I want to ask about something that I truly hope can not be
controversial - I mentioned last fall that I sometimes thought of
phonemes in 3 groups - consonants, continuants and vowels (rather than
2 groups - consonants and vowels) and that continuants might be thought
of as syllabic under certain conditions.

I couldn't remember where I had got this from but I was sure it wasn't
a fantasy. Then I saw this in Aristotle's Poetics and realized that,
of course, this is how sounds are divided up in a Greek Primer. Now I
am wondering who it was that gave us the divisions of consonant and
vowel. Who first used the word 'consonant' or Latin precursor of the
word 'consonant'? Varro?


"The Diction viewed as a whole is made up of the following parts: the
Letter (or ultimate element), the Syllable, the Conjunction, the
Article, the Noun, the Verb, the Case, and the Speech. (1) The Letter
is an indivisible sound of a particular kind, one that may become a
factor in an intelligible sound. Indivisible sounds are uttered by the
brutes also, but no one of these is a Letter in our sense of the term.

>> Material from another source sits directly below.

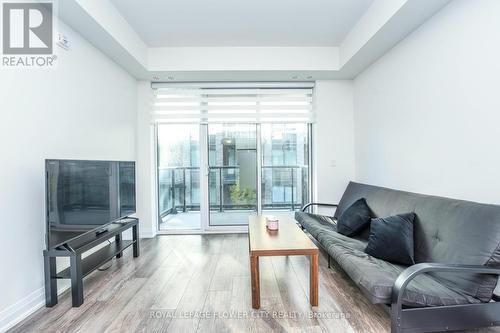 205 - 95 Attmar Drive, Brampton, ON - Indoor Photo Showing Living Room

These elementary sounds are either vowels, semivowels, or mutes. A
vowel is a Letter having an audible sound without the addition of
another Letter. A semivowel, one having an audible sound by the
addition of another Letter; e.g. S and R. A mute, one having no sound
at all by itself, but becoming audible by an addition, that of one of
the Letters which have a sound of some sort of their own; e.g. D and G.

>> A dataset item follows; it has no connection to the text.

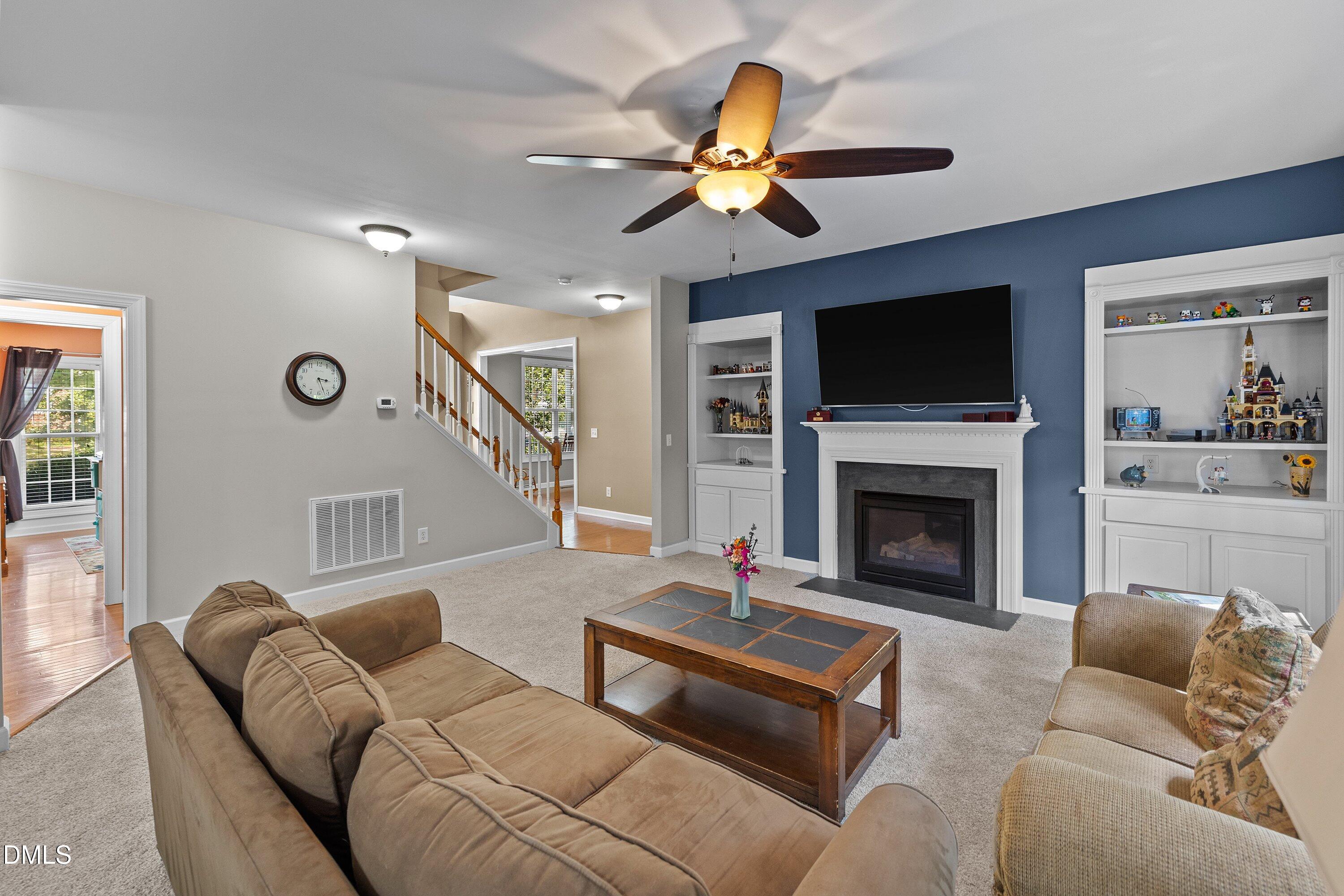 Apex, North Carolina, 27502, United States, 5 Bedrooms Bedrooms, ,4 BathroomsBathrooms,Residential,For Sale,1947083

The Letters differ in various ways: as produced by different
conformations or in different regions of the mouth; as aspirated, not
aspirated, or sometimes one and sometimes the other; as long, short, or
of variable quantity; and further as having an acute.grave, or
intermediate accent."

"(2) A Syllable is a nonsignificant composite sound, made up of a mute
and a Letter having a sound (a vowel or semivowel); for GR, without an
A, is just as much a Syllable as GRA, with an A."